Раздел «Пары» построен на формальном приеме — консонансных рифмах, но можно это читать и как «пары́» — fumes: такое сгущение катастрофизма. Раздел «Смутные зоопарки» — тут так или иначе собраны тексты про животную природу. Я люблю зоопарки, хотя многие мои друзья считают, что смотреть на животных в клетках ужасно. Но все равно в любом городе я стараюсь посетить зоопарк, если он там есть (или кладбище, потому что интересно, как выглядит кладбище). «Стоят вдоль линеек» — это prose poetry. «Архив» — это стихи из первых сборников, с которыми я до сих пор готов взаимодействовать. «Лунный грунт» — это почти закрывающий цикл: в него, например, вошло нравящееся мне стихотворение про канал Грибоедова и про Большую Дмитровку.
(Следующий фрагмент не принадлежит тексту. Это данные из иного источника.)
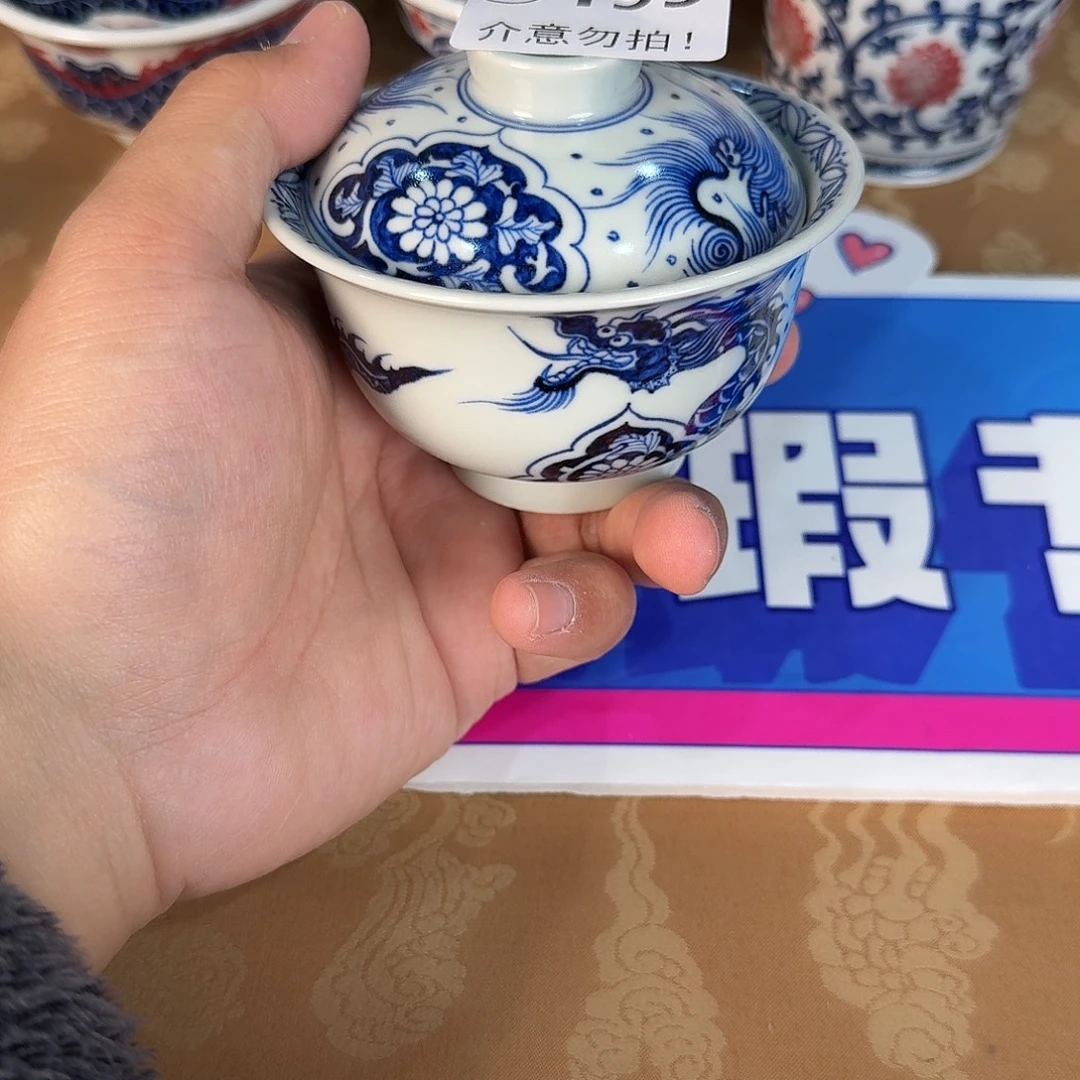 青花釉里红微瑕195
Ну и, наконец, пока книжка готовилась (а готовилась она долго), написалось еще несколько стихов, которые вошли в самый последний раздел под названием «Удачи оборотам колес».

— У меня было чувство, что этот раздел самый поздний.

— В принципе, может, это и неплохо.

— Хорошо как раз.

— Считается, что если человек не растрачивает себя, то лучше пишет со временем.

— А вы после того, как она вышла, писали что-то?

— Два стихотворения. Одно так себе, а второе ничего.

— У вас есть в голове машинка, которая после книжки делает передышку?

— Она включается и выключается сама собой, так что пока я не представляю, как может выглядеть следующая книжка, и не думаю об этом. Я хотел бы сделать еще одну книгу восьмистиший, даже придумал для нее название — «Глуповатой», имея в виду усеченную пушкинскую цитату, — но потом я вспомнил, что у Пушкина поэзия была не «глуповатой», а «глуповата», а это на обложке смотрится совсем по-другому; видимо, сборник так называться не будет.

— Вы говорите: «Одно стихотворение так себе, а второе ничего». Как внутри вас выясняется вопрос о том, что «так себе», а что «ничего»?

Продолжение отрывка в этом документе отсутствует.